• [AIM OF THE EXERCISE]
Within the lines below, the span from the line with "40 Cm Bandeja" to the line with "Close-up skull wearing", both ends included, is to be reproduced exactly, with pictures omitted.
[INFORMATION Boundary: Start]
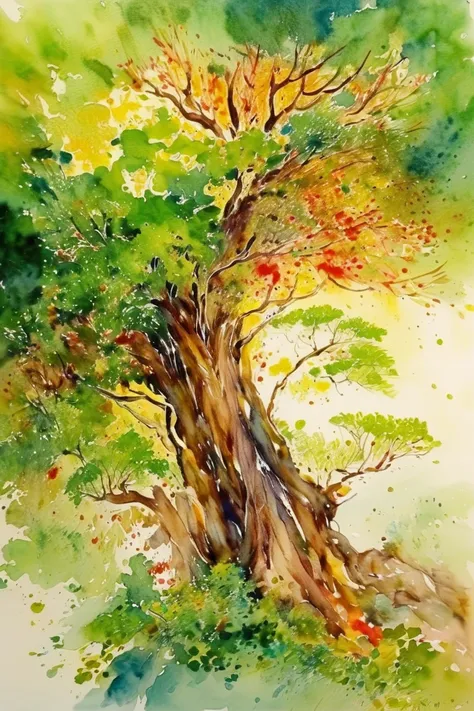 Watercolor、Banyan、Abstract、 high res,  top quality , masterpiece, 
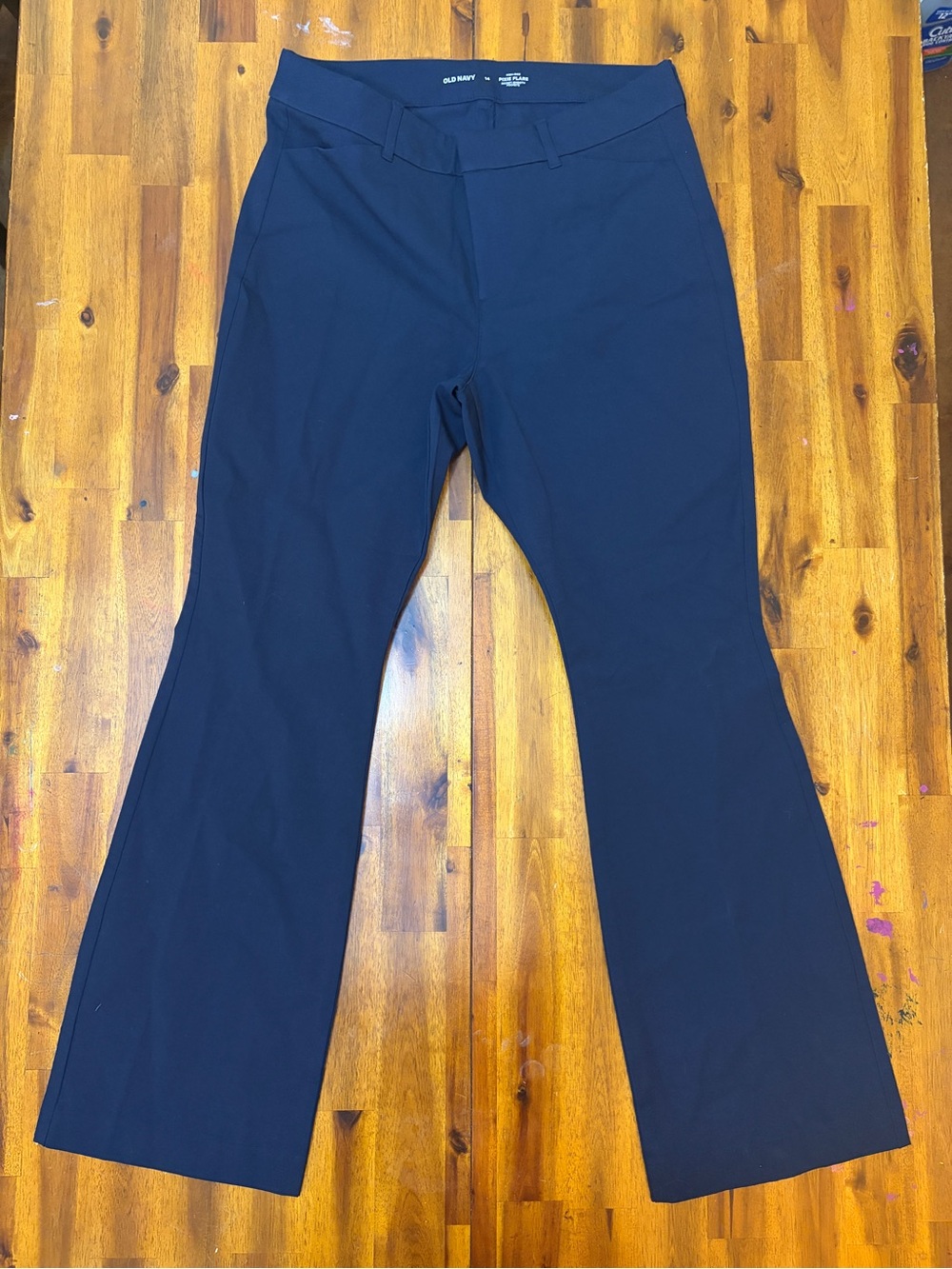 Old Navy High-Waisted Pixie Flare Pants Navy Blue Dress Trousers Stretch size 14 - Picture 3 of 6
[INFORMATION Boundary: End]
[INFORMATION Boundary: Start]
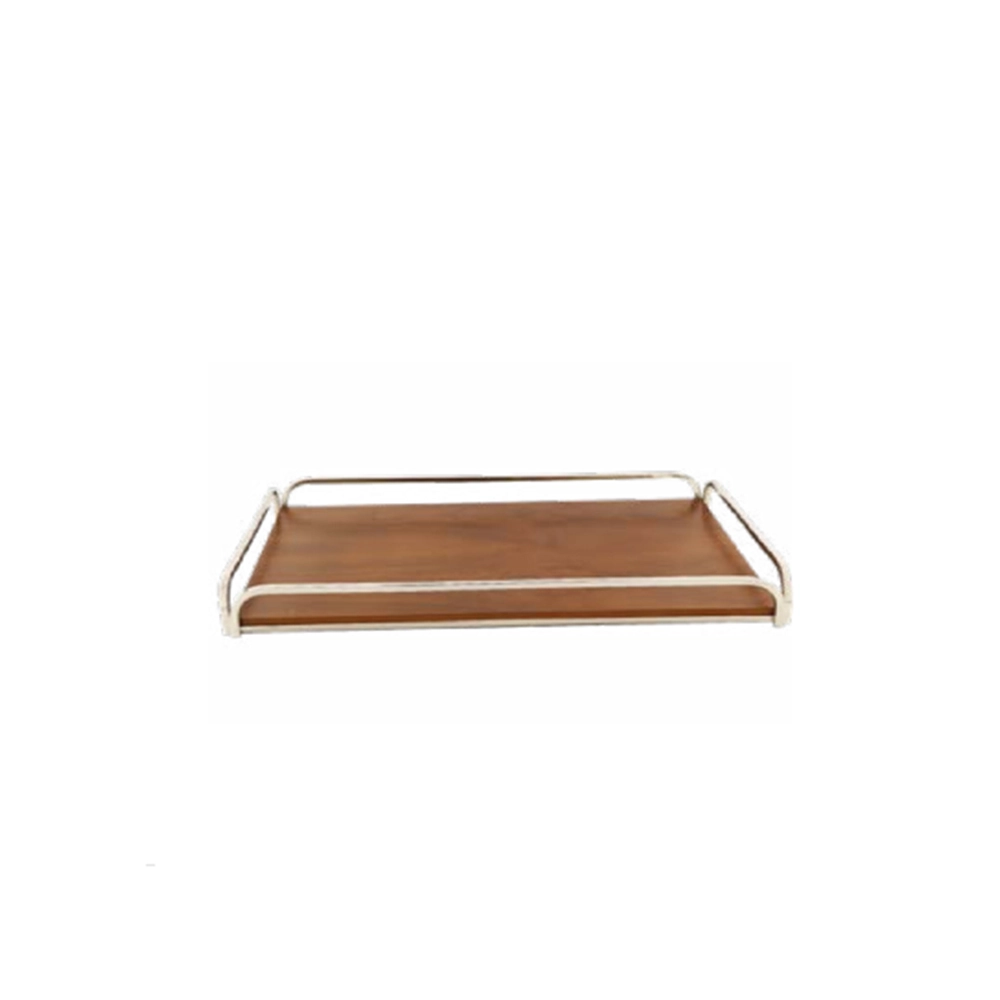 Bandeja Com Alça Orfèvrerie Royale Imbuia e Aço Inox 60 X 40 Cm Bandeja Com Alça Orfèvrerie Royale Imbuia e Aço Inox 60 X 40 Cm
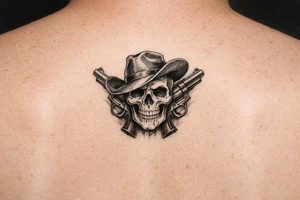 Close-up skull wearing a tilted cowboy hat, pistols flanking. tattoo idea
[INFORMATION Boundary: End]
• [WRITTEN REPLY]
 Bandeja Com Alça Orfèvrerie Royale Imbuia e Aço Inox 60 X 40 Cm Bandeja Com Alça Orfèvrerie Royale Imbuia e Aço Inox 60 X 40 Cm
 Close-up skull wearing a tilted cowboy hat, pistols flanking. tattoo idea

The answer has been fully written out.